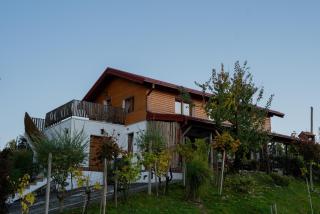 Ruralna kuća za odmor KOVIN BREG - 0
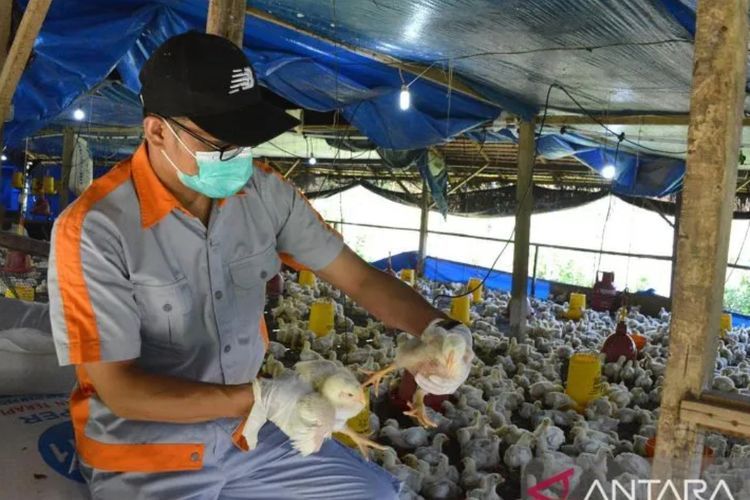 Heboh Kematian Flu Burung, IDI Pastikan Tidak Ada Penularan pada Manusia di Indonesia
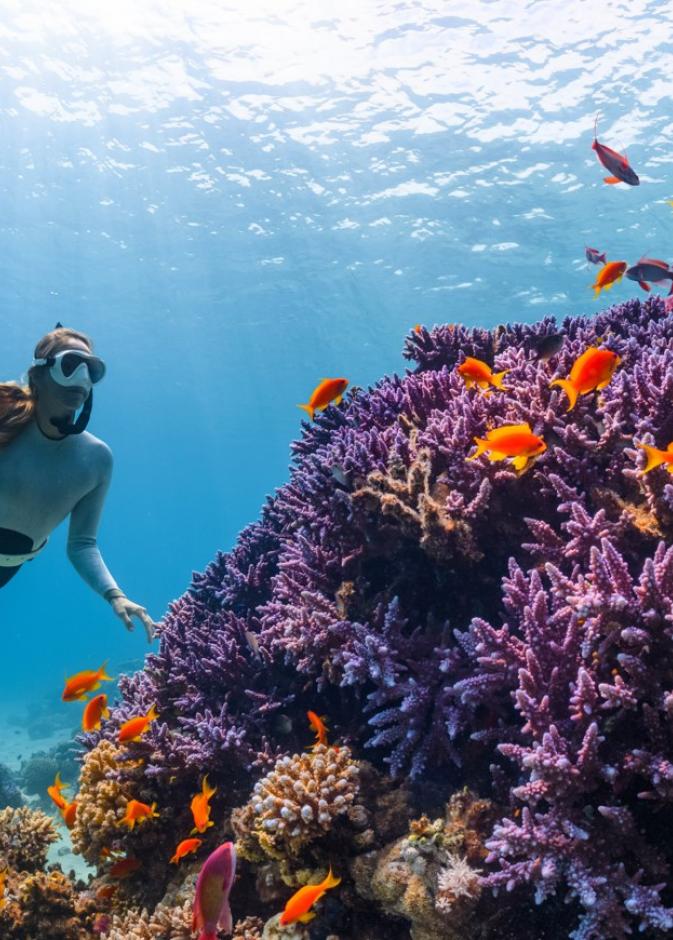 من الغوص إلى التأمل.. وجهات سعودية ساحرة تعيد التوازن لحياتك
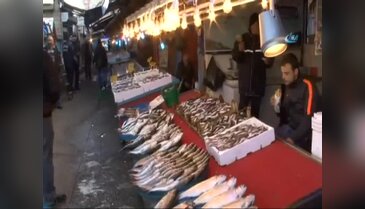Hamsi fiyatları el yakıyor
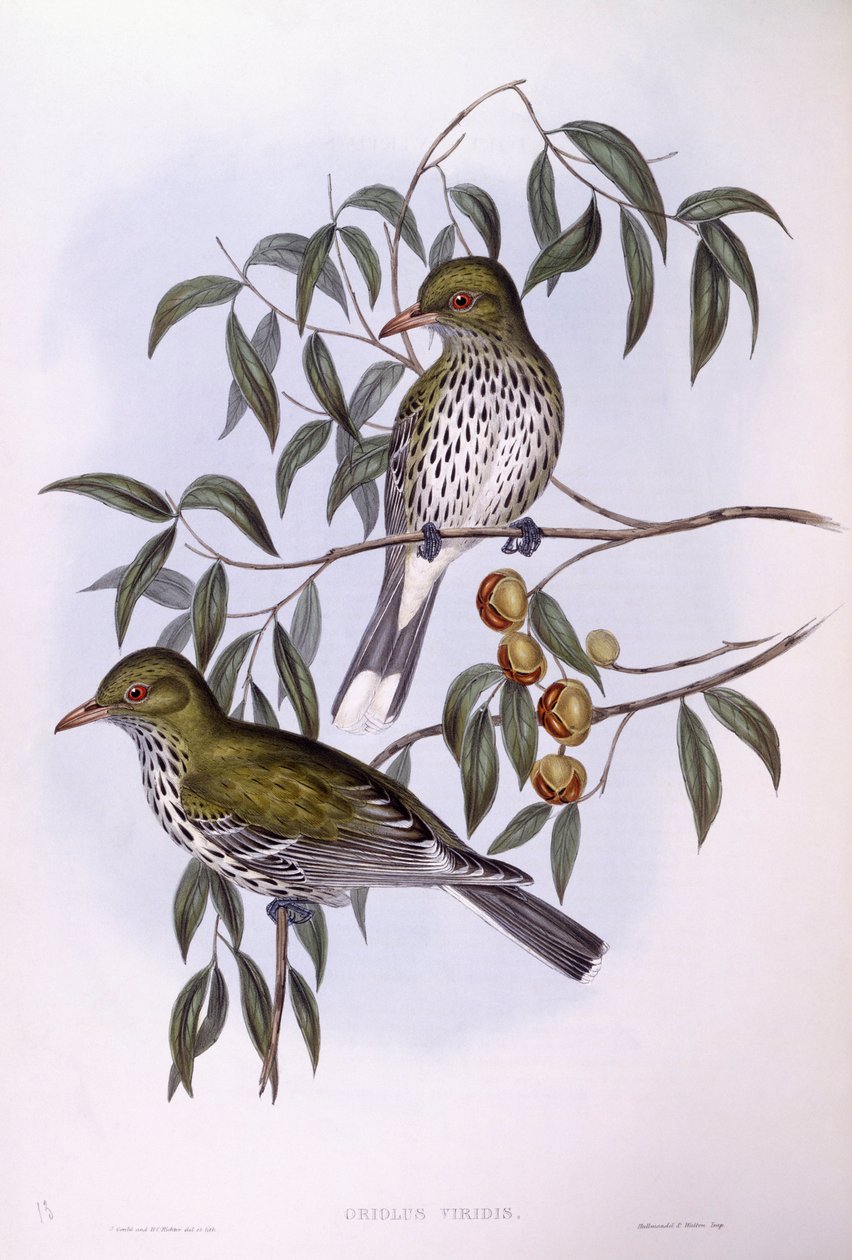 Olívahátú oriole (Oriolus sagittatus), John Gould metszete alkotó: John Gould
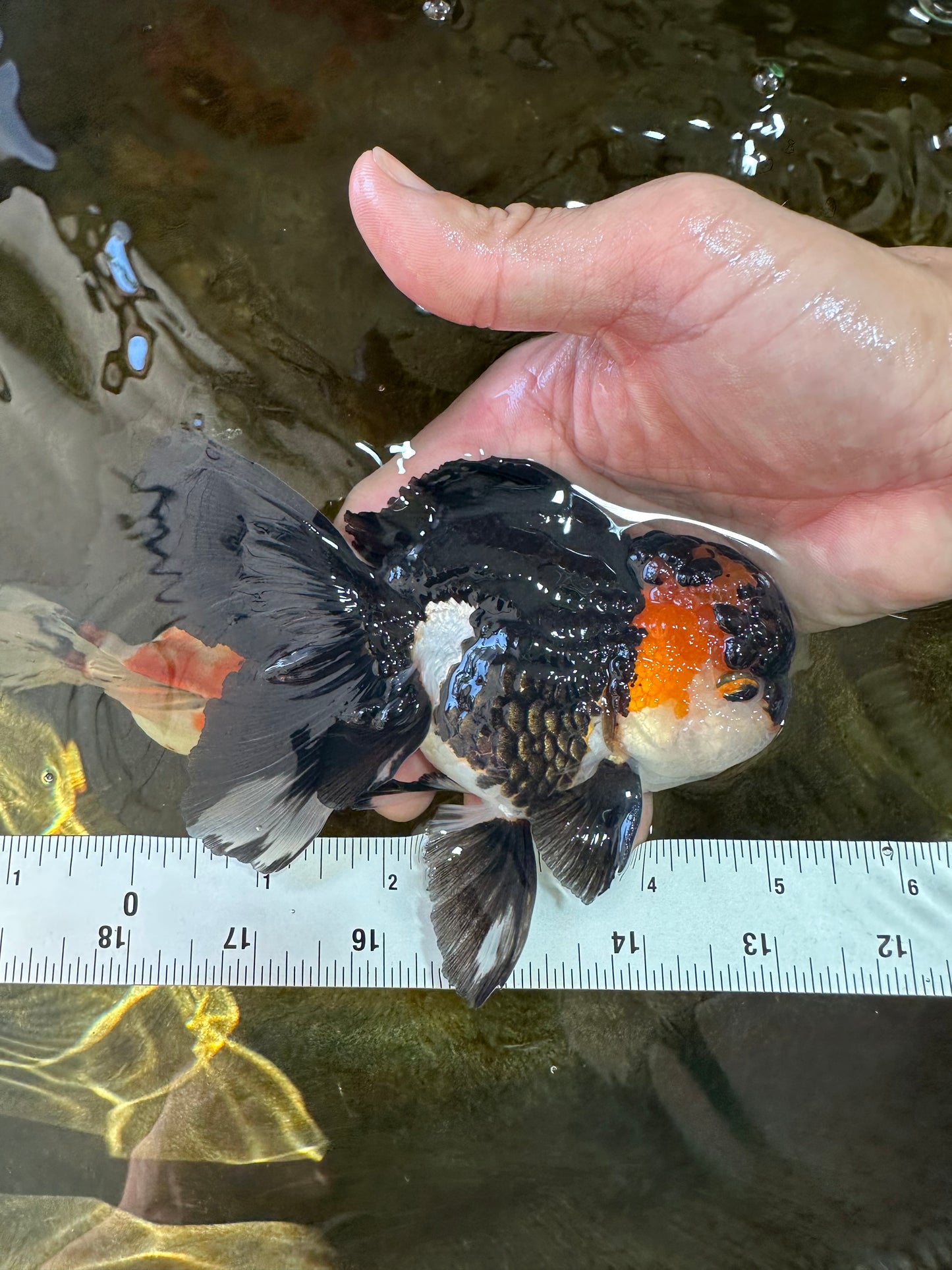 A Grade Chonky Tricolor Oranda Male 5 inches #062025OR_19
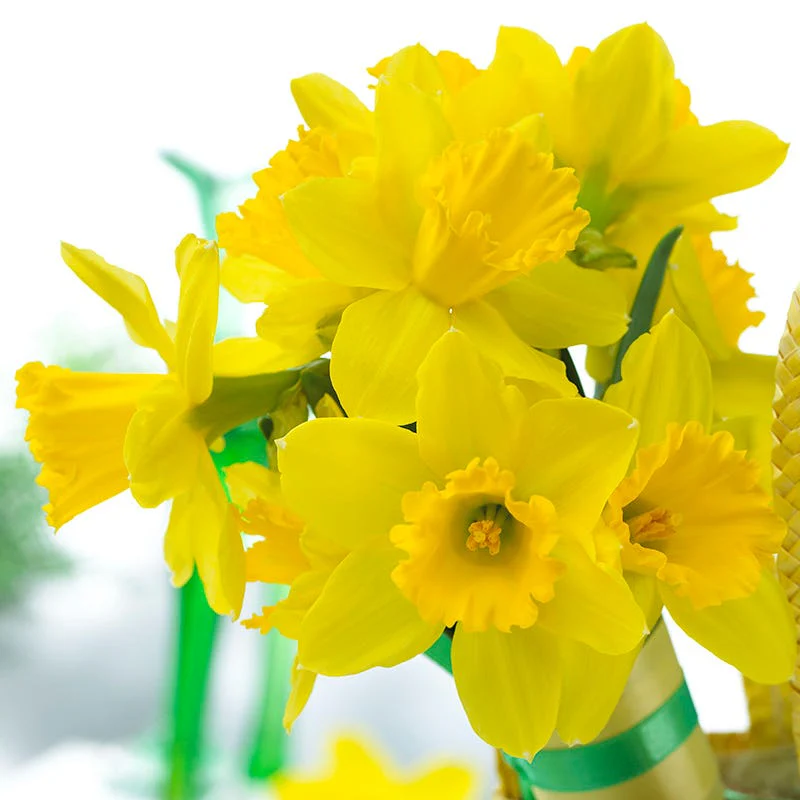 Gigantic Star Large Cupped Daffodil - Image 2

§ §

■ **Exercise aim**
Repeat the whole listing above word for word, but keep any picture out of it.

■ **Expected answer**
 Ruralna kuća za odmor KOVIN BREG - 0
 Heboh Kematian Flu Burung, IDI Pastikan Tidak Ada Penularan pada Manusia di Indonesia
 من الغوص إلى التأمل.. وجهات سعودية ساحرة تعيد التوازن لحياتك
Hamsi fiyatları el yakıyor
 Olívahátú oriole (Oriolus sagittatus), John Gould metszete alkotó: John Gould
 A Grade Chonky Tricolor Oranda Male 5 inches #062025OR_19
 Gigantic Star Large Cupped Daffodil - Image 2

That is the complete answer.